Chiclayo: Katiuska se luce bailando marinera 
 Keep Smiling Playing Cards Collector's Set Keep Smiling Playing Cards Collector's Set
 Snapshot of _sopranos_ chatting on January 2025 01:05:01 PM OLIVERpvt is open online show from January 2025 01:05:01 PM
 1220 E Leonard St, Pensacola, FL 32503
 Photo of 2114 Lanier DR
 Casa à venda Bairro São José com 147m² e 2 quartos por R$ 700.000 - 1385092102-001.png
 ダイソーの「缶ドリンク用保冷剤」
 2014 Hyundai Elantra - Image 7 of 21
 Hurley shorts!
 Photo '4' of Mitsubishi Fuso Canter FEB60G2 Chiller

- - - -

▶ **WHAT YOU WILL DO**: Search the material for "Photo" and copy each matching line.

▶ **ANSWER AREA**:
 Photo of 2114 Lanier DR
 Photo '4' of Mitsubishi Fuso Canter FEB60G2 Chiller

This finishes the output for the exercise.